**RECORDS TO USE**
§

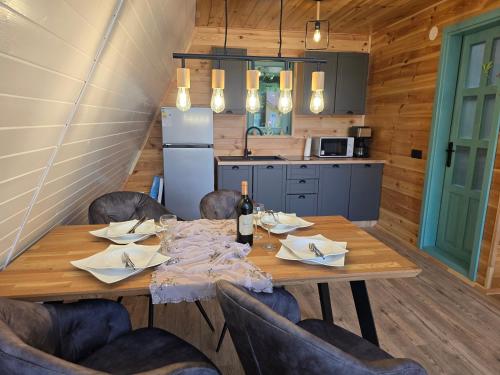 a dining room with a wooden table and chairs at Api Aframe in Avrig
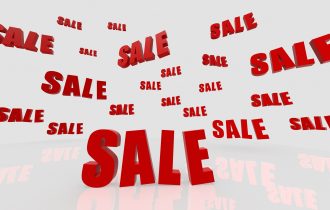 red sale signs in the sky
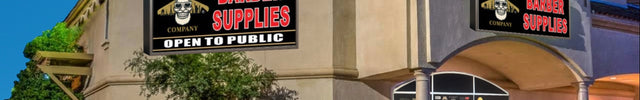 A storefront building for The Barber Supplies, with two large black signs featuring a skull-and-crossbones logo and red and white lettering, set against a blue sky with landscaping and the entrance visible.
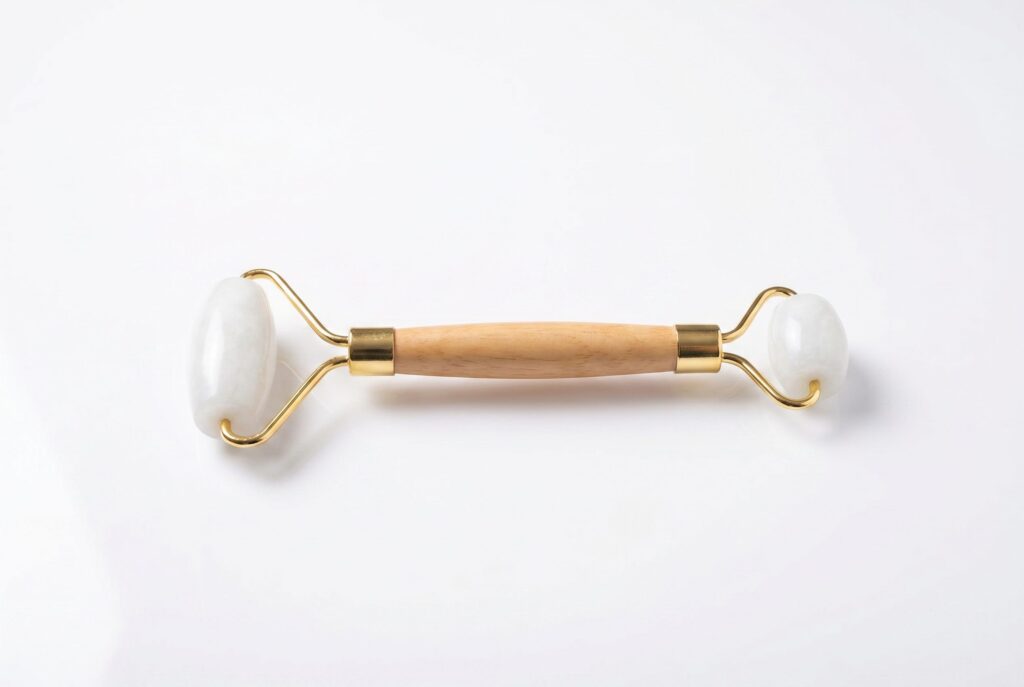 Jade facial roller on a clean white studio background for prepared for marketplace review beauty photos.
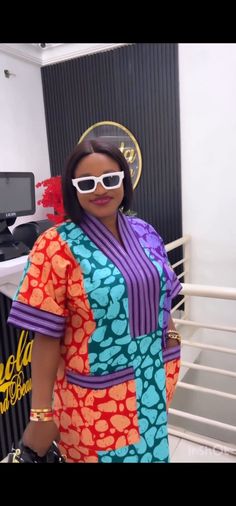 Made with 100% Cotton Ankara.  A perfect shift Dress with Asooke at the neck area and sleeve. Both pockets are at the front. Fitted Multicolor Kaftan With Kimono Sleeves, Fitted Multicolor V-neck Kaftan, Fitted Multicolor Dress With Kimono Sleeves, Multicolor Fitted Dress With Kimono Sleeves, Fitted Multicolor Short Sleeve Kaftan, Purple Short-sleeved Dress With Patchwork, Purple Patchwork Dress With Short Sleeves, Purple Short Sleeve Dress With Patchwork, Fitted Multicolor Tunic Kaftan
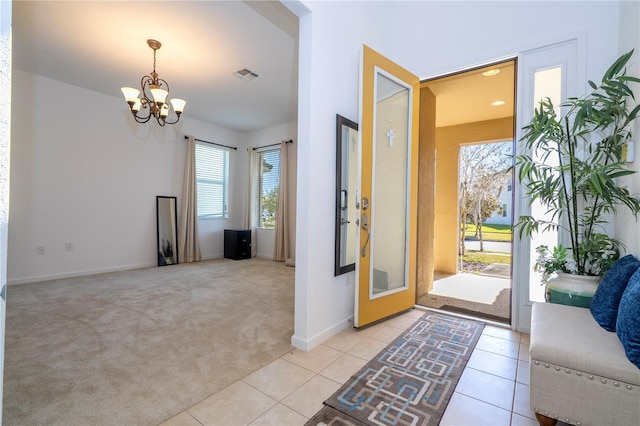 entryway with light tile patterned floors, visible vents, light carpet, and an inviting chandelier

§

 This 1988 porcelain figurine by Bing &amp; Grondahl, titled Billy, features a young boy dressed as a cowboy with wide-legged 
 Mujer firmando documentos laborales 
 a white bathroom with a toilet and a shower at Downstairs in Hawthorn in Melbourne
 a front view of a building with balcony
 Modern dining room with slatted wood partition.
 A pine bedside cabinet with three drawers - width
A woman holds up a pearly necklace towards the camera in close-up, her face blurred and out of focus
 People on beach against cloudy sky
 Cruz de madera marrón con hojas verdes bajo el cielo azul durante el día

§

**YOUR GOAL**
Set down, exactly as written above, each line from the one with "Jade facial roller" through the one with "entryway with light", and skip the pictures.

**RESPONSE TO THE EXERCISE**
 Jade facial roller on a clean white studio background for prepared for marketplace review beauty photos.
 Made with 100% Cotton Ankara.  A perfect shift Dress with Asooke at the neck area and sleeve. Both pockets are at the front. Fitted Multicolor Kaftan With Kimono Sleeves, Fitted Multicolor V-neck Kaftan, Fitted Multicolor Dress With Kimono Sleeves, Multicolor Fitted Dress With Kimono Sleeves, Fitted Multicolor Short Sleeve Kaftan, Purple Short-sleeved Dress With Patchwork, Purple Patchwork Dress With Short Sleeves, Purple Short Sleeve Dress With Patchwork, Fitted Multicolor Tunic Kaftan
 entryway with light tile patterned floors, visible vents, light carpet, and an inviting chandelier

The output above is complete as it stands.